• Exercise instructions:
Each line in the records below, from the one that contains "cfx命令流如何快速入门？" to the one that contains "schematinis vaizdas aliuminio", should be reproduced exactly, the first and last included.

• Extracted entries:
* * * * *
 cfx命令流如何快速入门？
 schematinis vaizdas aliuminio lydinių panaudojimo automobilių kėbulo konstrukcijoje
* * * * *
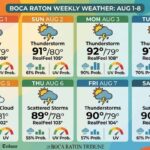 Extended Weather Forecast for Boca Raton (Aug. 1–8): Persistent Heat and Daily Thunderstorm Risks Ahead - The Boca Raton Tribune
* * * * *
• Exercise solution:
 cfx命令流如何快速入门？
 schematinis vaizdas aliuminio lydinių panaudojimo automobilių kėbulo konstrukcijoje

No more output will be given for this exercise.